The garden has been teaming with Goldfinches over the last few months, with the good numbers of young suggesting it has been a successful breeding season for these delightful little birds. Initially, the young Goldfinches could be told from their parents by their lack of the characteristic red and black facial markings. By now, however, they have moulted through into their adult plumage and can no longer be distinguished by eye, as I watch them on the feeders through the kitchen window.
In the hand, when caught during a ringing session, it is possible to identify juvenile Goldfinches by looking at subtle differences in the shape of the tail feathers and the colour of certain wing feathers. Such differences come about because of the way in which these birds renew their feathers during moult. In most small birds that breed and winter here, the adults undergo a complete renewal of their feathers once the breeding season is over. Some species undergo a second, ‘partial’, moult just before the start of the next breeding season. Many of our summer-visiting migrants, however, will not undergo their annual moult until they have reached their wintering grounds, although some start the moult here before interrupting it just ahead of their long journey south.

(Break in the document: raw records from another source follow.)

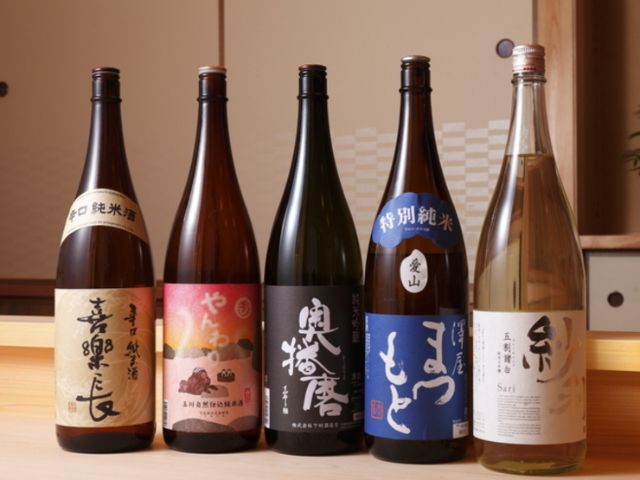 京都5位名厨精选日本美酒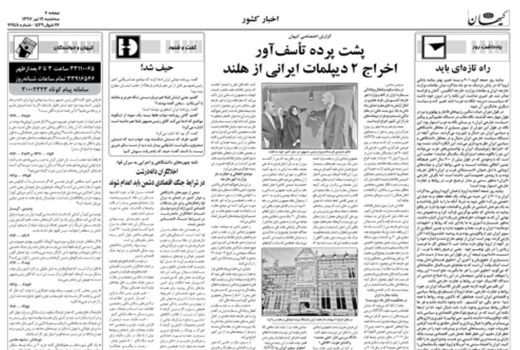 پیشنهادی برای انعقاد ترکمانچای نفتی با چینی‌ها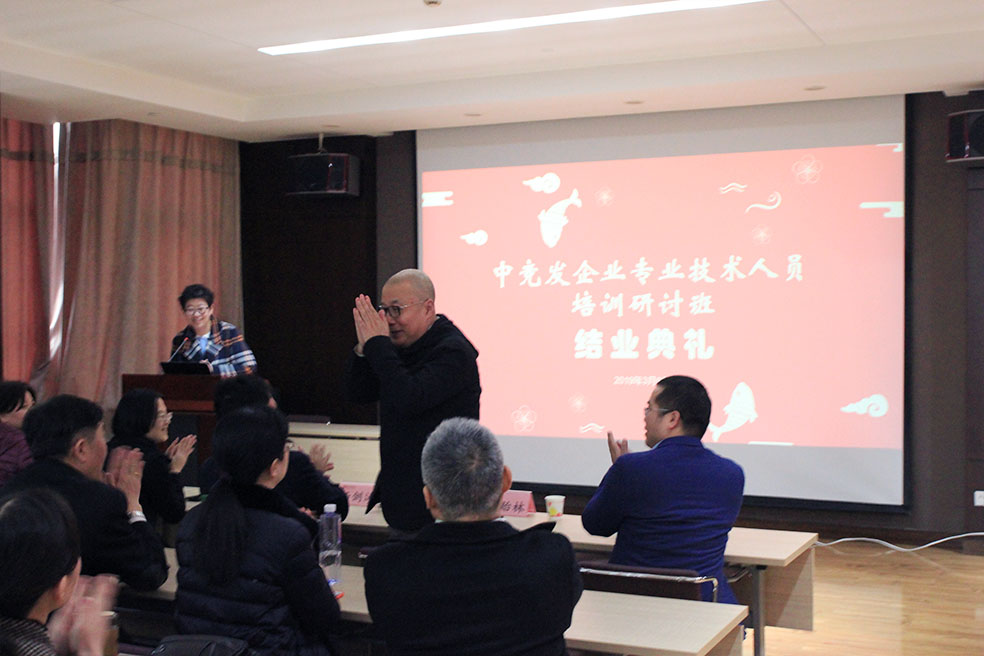 老永利官网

Most young birds follow a different strategy, replacing some feathers after the breeding season and growing others for the first time, but not acquiring full adult plumage until after the next breeding season is over. You can see this for yourself by looking carefully at male Blackbirds in the early summer. If you spot a male Blackbird who is all black apart from a few dark brown feathers in his wing, then he will be a bird born the previous year.

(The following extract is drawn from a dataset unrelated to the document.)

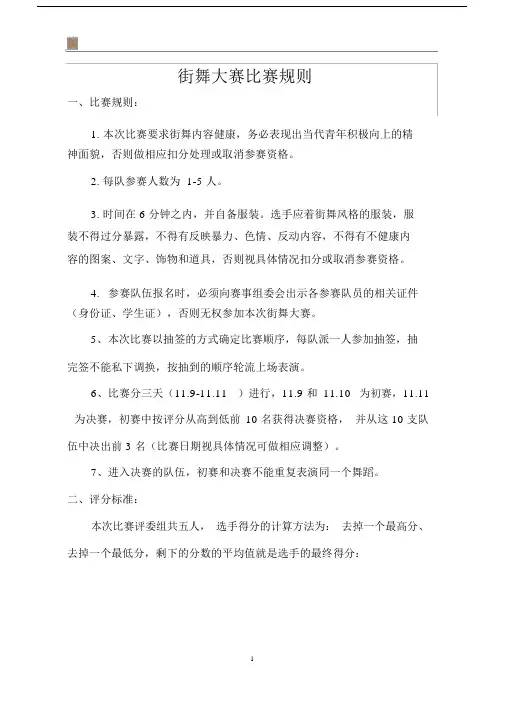 街舞大赛比赛规则.doc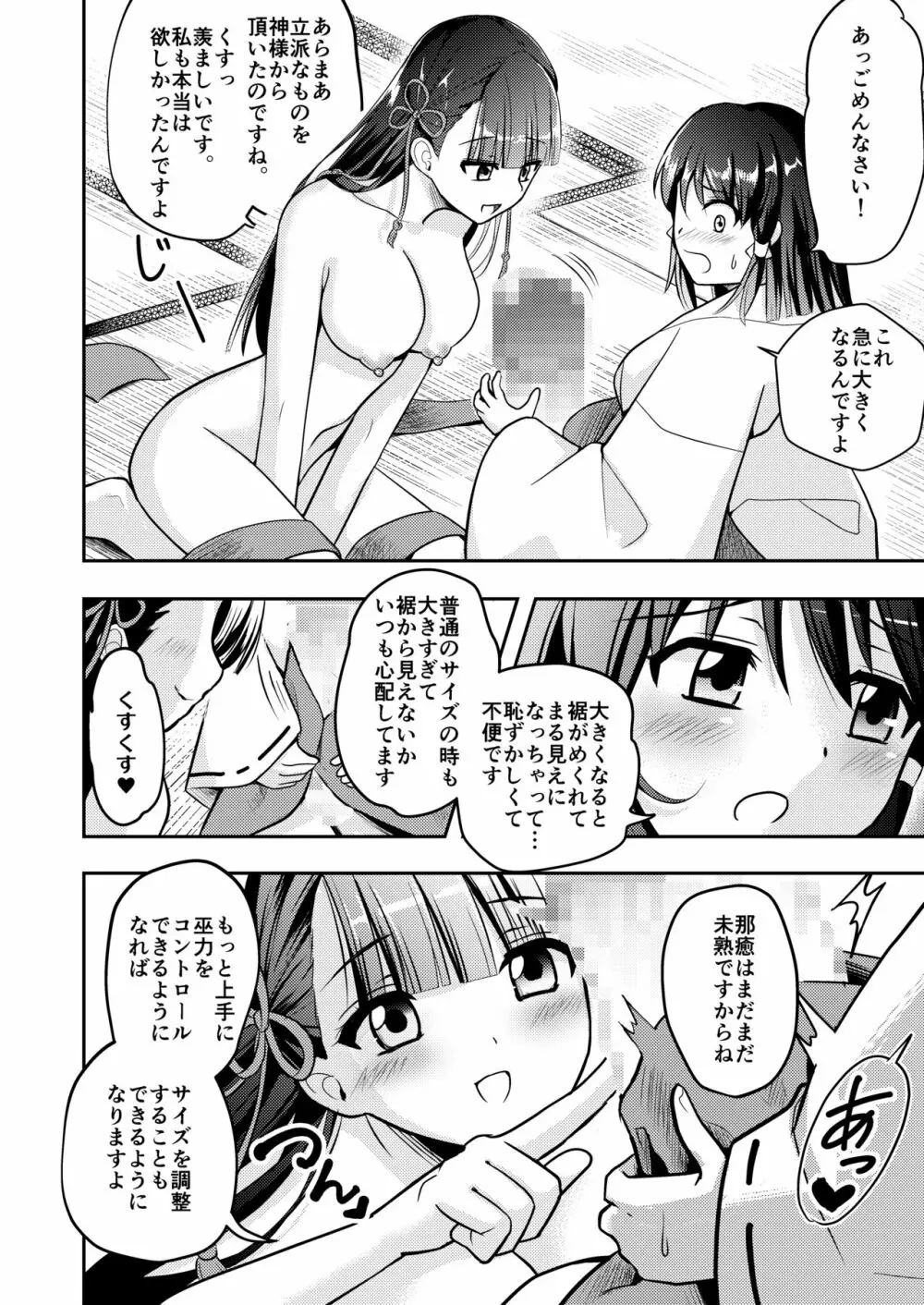 なりみこ 百合編1 先輩巫女の帰還1 36ページ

Getting young birds out of the nest quickly is an important strategy because it reduces the period when they may be particularly susceptible to predation. Young birds grow rapidly in the nest and need to be able to fly when they fledge. Because of this, the young tend to invest relatively little in the growth of body feathers, concentrating their efforts instead on the all-important flight feathers. As a result, newly-fledged young often look rather fluffy and ‘loose feathered’, but they will soon grow the remaining feathers, often acquiring adult body plumage over a period of several weeks. These different moult strategies are useful for me, as a ringer, since they enable me to age most birds with relative ease. There are, however, some species where the young moult through into full adult plumage soon after leaving the nest – House Sparrow and Long-tailed Tit are two examples – and these birds cannot be aged once they have gone through the autumn moult.